I'm working with a coupled assay involving my main enzyme, Enolase, e two subsequent enzymes: pyruvate kinase, which transfer the enolase's product phosphate to an ADP molecule, producing ATP, and a luciferase, which produces luminescence proportionally to the amount of ATP. I'm sure about the assay conditions, since I've reproduced Enolase's Km (~ 30 uM).

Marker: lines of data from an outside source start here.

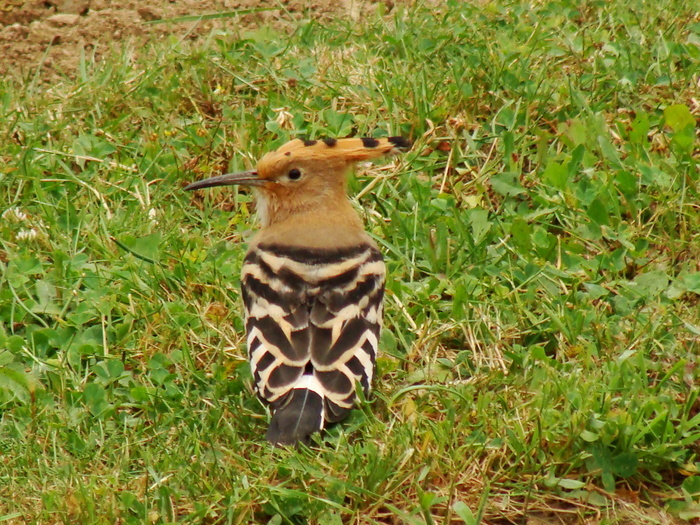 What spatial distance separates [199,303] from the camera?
4465 millimetres

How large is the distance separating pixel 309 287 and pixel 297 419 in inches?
23.0

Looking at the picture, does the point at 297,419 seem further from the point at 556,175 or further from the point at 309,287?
the point at 556,175

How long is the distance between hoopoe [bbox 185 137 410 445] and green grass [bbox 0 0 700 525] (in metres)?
0.16

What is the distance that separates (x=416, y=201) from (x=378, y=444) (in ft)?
5.04

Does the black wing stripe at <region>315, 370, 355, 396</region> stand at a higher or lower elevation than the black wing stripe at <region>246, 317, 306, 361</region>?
lower

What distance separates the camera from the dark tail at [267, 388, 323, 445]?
3543 millimetres

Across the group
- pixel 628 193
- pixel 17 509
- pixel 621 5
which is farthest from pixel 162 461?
pixel 621 5

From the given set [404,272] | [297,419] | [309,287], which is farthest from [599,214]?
[297,419]

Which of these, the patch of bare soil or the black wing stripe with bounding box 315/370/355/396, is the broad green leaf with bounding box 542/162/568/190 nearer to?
the black wing stripe with bounding box 315/370/355/396

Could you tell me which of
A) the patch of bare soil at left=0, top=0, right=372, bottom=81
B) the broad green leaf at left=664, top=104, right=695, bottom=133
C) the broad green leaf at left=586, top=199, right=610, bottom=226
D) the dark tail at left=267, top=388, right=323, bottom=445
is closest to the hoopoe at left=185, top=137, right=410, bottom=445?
the dark tail at left=267, top=388, right=323, bottom=445

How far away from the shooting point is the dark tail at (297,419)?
11.6 ft

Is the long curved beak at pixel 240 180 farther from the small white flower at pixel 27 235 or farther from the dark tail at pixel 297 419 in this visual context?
the dark tail at pixel 297 419

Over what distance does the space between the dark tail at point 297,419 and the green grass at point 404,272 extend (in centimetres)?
9

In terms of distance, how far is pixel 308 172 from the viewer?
439 centimetres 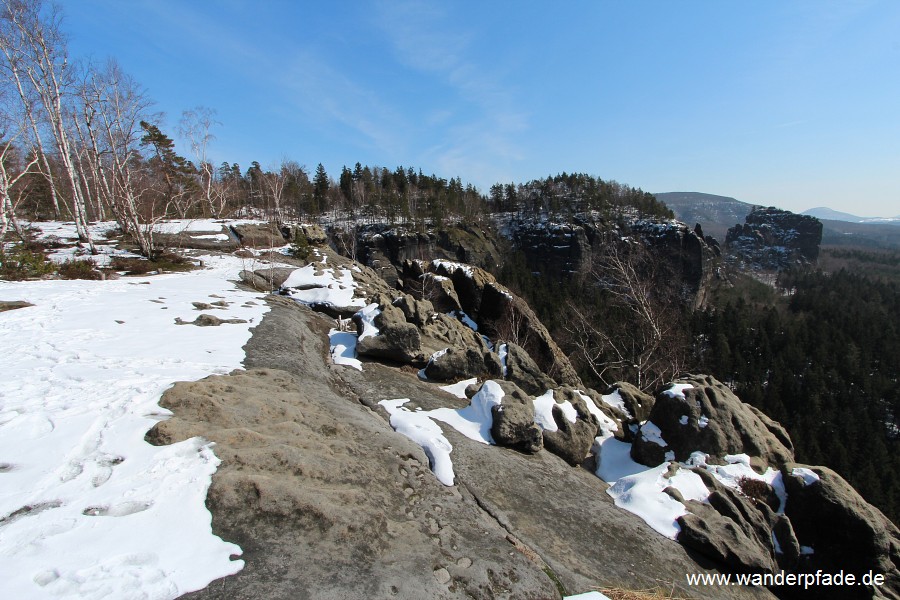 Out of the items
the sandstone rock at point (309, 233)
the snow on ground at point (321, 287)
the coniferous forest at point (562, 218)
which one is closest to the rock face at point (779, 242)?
the coniferous forest at point (562, 218)

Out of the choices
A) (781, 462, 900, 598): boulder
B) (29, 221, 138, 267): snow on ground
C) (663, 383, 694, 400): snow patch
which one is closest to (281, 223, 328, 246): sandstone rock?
(29, 221, 138, 267): snow on ground

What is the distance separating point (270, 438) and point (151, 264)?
19.7 m

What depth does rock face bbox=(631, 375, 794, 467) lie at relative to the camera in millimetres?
9484

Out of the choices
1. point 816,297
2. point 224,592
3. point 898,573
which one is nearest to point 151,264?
point 224,592

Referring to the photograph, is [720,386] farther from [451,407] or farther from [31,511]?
[31,511]

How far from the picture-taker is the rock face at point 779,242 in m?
147

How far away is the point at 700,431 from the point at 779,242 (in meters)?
200

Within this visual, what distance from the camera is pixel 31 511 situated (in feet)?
12.1

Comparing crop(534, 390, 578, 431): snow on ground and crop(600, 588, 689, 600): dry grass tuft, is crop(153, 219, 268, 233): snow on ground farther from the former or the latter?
crop(600, 588, 689, 600): dry grass tuft

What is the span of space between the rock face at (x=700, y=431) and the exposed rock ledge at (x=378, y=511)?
232 cm

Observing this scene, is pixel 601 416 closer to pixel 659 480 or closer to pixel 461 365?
pixel 659 480

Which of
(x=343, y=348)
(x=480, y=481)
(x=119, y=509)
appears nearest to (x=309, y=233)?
(x=343, y=348)

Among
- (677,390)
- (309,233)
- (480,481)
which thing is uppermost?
(309,233)

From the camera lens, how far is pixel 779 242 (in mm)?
155625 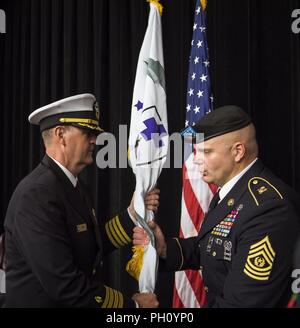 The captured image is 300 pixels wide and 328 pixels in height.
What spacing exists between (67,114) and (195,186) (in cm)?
98

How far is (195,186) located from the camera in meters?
2.52

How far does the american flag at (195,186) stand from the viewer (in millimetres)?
2506

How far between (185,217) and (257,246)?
101cm

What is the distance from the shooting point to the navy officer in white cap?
63.8 inches

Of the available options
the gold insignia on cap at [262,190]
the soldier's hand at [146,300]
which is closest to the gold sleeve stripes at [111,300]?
the soldier's hand at [146,300]

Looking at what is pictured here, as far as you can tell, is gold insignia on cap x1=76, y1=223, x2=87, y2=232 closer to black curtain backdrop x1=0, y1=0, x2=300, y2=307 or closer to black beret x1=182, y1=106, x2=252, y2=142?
black beret x1=182, y1=106, x2=252, y2=142

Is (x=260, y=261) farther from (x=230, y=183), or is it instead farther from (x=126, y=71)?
(x=126, y=71)

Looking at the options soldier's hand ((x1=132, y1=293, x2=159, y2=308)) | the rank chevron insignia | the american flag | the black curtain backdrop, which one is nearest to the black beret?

Now, while testing inhibition, I'm having trouble. Some compounds were previously identified as enolase inhibitors, and I've tried to determine their IC50, without success (the enzyme worked basically as if without the 'inhibitor'). Then I've put a great quantity of one inhibitor (50 uM), and measured the amount of product after some periods of time. Usually I do the measurement after 20min, but this time I tried after 5min, 10min and 15min.

My readings were:

- blank: 71.986

- 5min: 71.644 (inhibitor), 98.738 (no inhibitor), 100% inhibition

- 10min: 114.952 (inhibitor), 223.576 (no inhibitor), 70% inhibition

- 15min: 178.138 (inhibitor), 347.565 (no inhibitor), 60% inhibition

I was expecting 100% inhibition, but got this result only measuring after 5min, when my '100% activity' reading weren't very far from blank reading, so I've not very much confidence about this result. Besides, my inhibition percentage variates with time, which I think shouldn't happen.

How can I improve my assay, so it allows me to identificate inhibitors and determine their IC50?